● Source information

*** Block opens ***

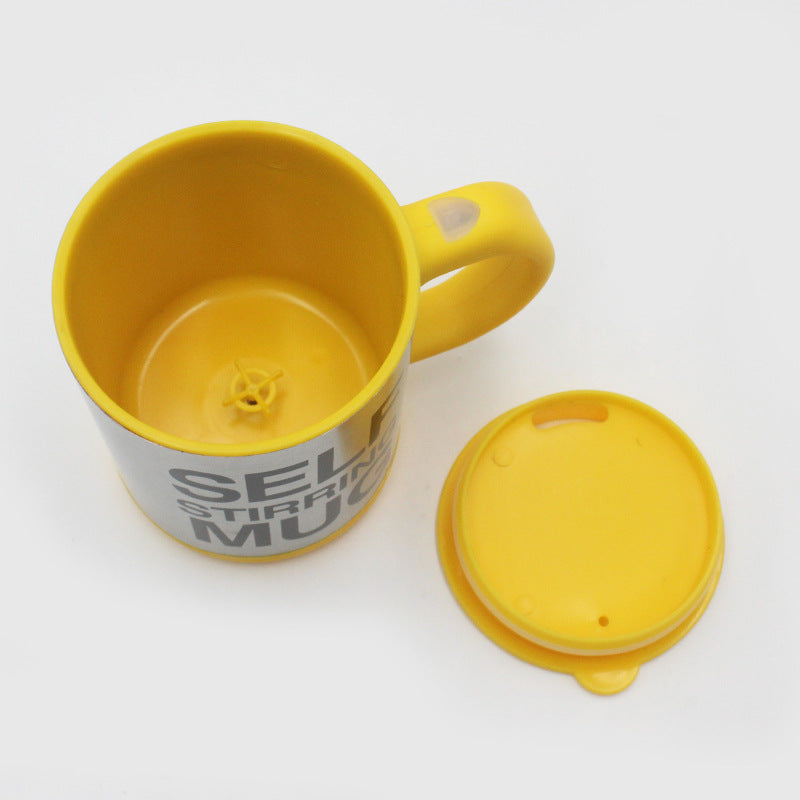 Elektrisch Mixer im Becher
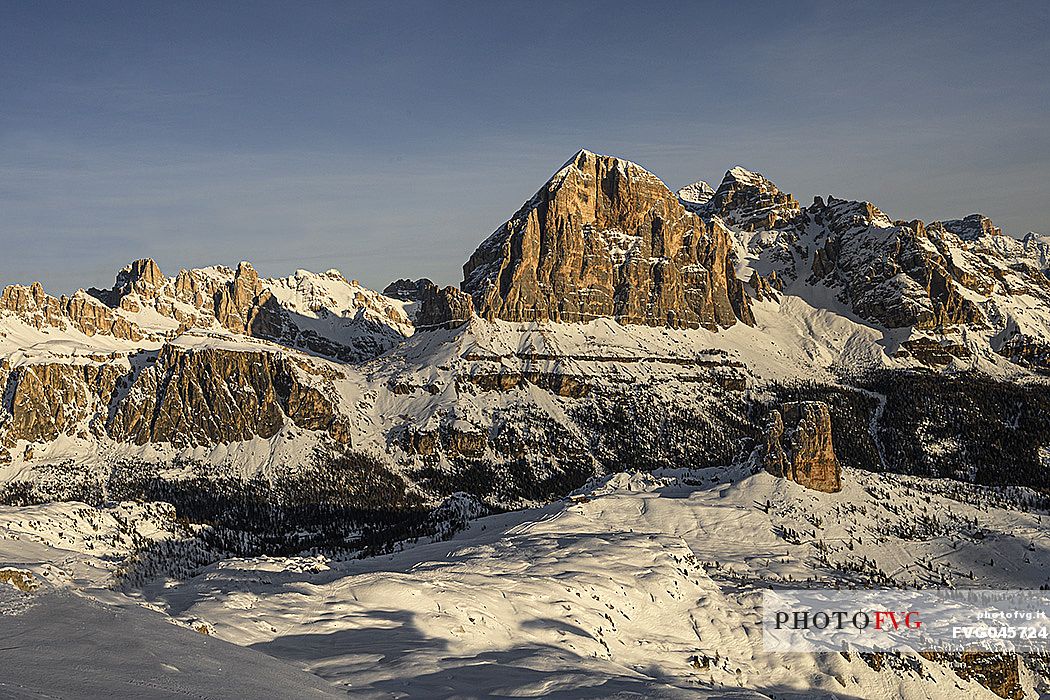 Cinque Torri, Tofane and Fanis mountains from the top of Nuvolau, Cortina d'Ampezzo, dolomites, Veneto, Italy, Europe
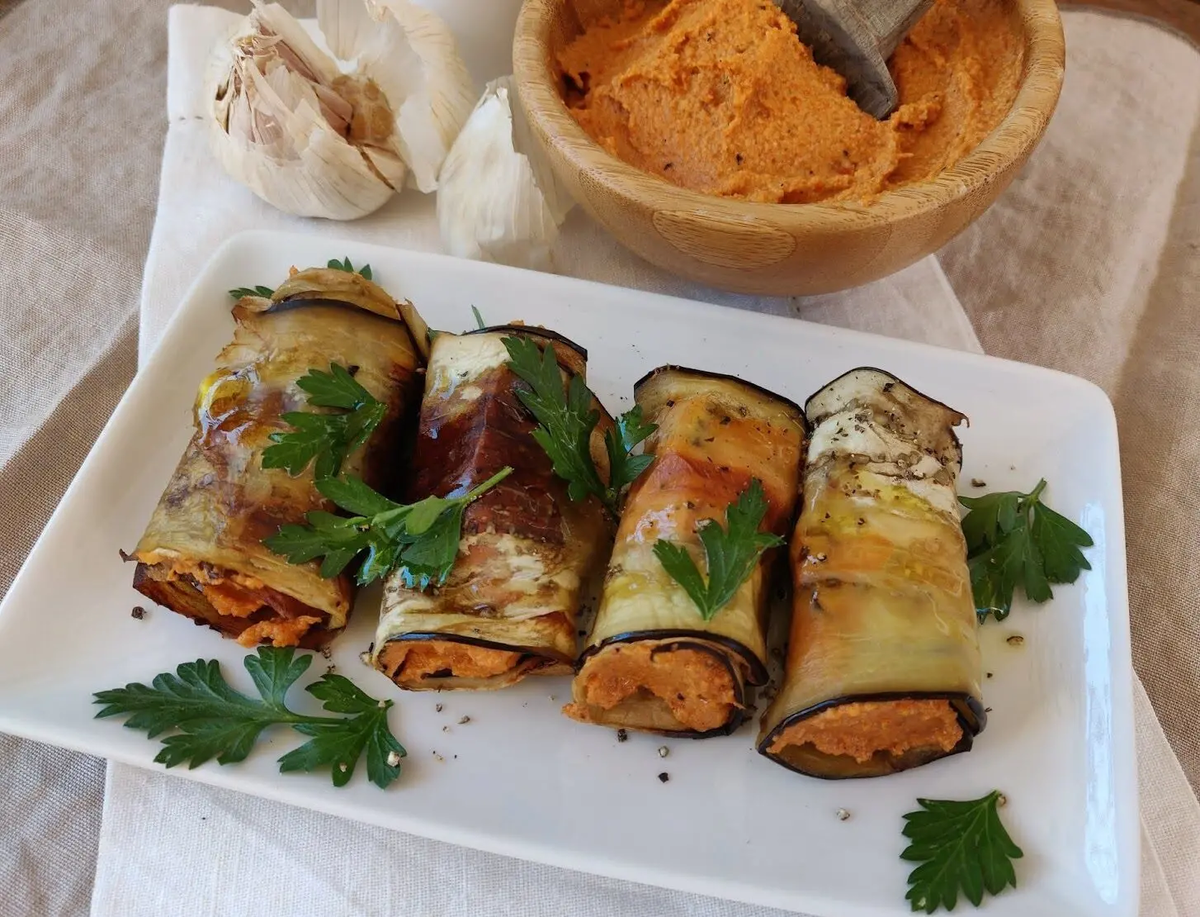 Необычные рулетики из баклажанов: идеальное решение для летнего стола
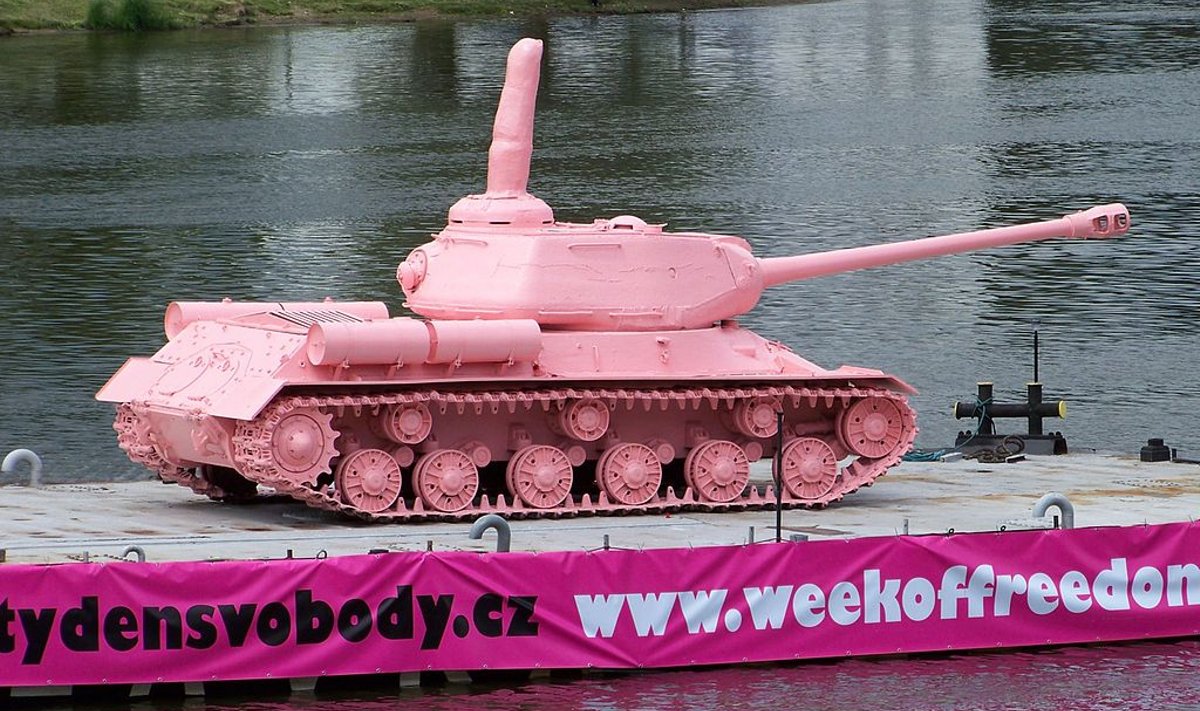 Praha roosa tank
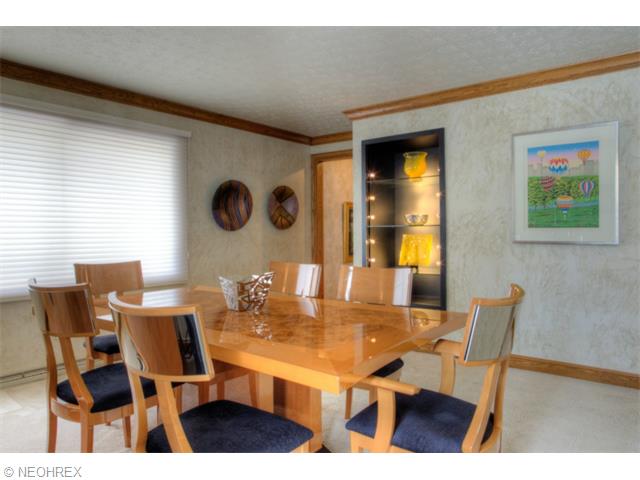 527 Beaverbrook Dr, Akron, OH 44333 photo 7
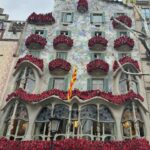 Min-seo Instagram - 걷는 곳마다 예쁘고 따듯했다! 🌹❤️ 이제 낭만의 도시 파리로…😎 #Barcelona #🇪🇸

*** Block closes ***

Retype everything in the material word for word, minus pictures.

 Elektrisch Mixer im Becher
 Cinque Torri, Tofane and Fanis mountains from the top of Nuvolau, Cortina d'Ampezzo, dolomites, Veneto, Italy, Europe
 Необычные рулетики из баклажанов: идеальное решение для летнего стола
 Praha roosa tank
 527 Beaverbrook Dr, Akron, OH 44333 photo 7
 Min-seo Instagram - 걷는 곳마다 예쁘고 따듯했다! 🌹❤️ 이제 낭만의 도시 파리로…😎 #Barcelona #🇪🇸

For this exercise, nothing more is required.